Christopher Jullien (born 22 March 1993) is a French professional footballer who plays as a centre-back for  club Montpellier. He is a former France youth international, having represented his country at under-20 level.

Club career

Early career and Auxerre 
After failing to earn selection into the prestigious Clairefontaine academy, Jullien joined another local Parisian club, Torcy, the same club that produced France national team's Paul Pogba. He then left in 2006 for Auxerre. 

After a year spent playing with the club's reserve team, former coach Jean-Guy Wallemme started playing him during the 2012–13 campaign in the second division. He made his club debut on 24 August 2012, when Auxerre won 2–1 against Laval. Jullien scored his first professional goal a week later, in a League Cup match against Dijon.

SC Freiburg
Jullien signed his first professional contract with SC Freiburg on a free transfer, after Auxerre failed to do so in the summer of 2013. During his first season in Freiburg, although he only appeared for the second team, he played in the fourth tier, the Regionalliga.

Loan to Dijon
In late June 2015, Jullien was loaned to Dijon in Ligue 2.

Toulouse
On 1 July 2016, Jullien signed a four-year contract for Ligue 1 side Toulouse.

Celtic
On 28 June 2019, Jullien signed a four-year contract for Celtic. He signed for a fee rumored to be in the region of £7 million, which would make him Celtic's second most expensive signing (after fellow Frenchman Odsonne Édouard, who signed for £9 million the previous summer).
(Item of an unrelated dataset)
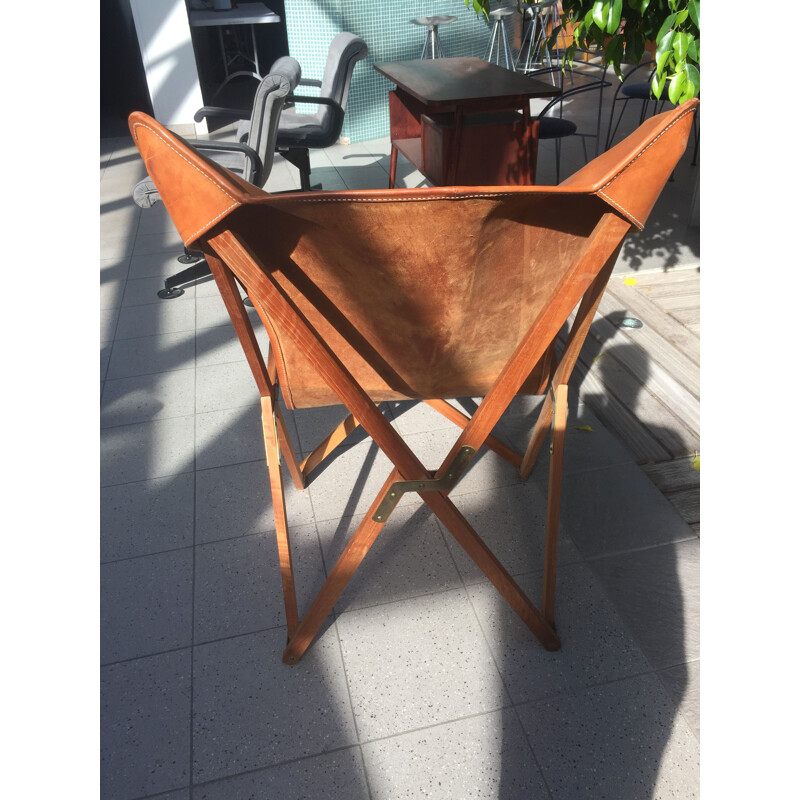 Butterfly AA teak and leather armchair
In the following game against Romanians CFR Cluj, Jullien was left on the bench as Celtic crashed out losing 4–3 on the night and 5–4 on aggregate in a Champions League Qualifying 3rd round 2nd leg tie. He scored his first goal for Celtic in a UEFA Europa League qualifying tie against AIK on 29 August 2019. He suffered a head injury in a game in September 2019.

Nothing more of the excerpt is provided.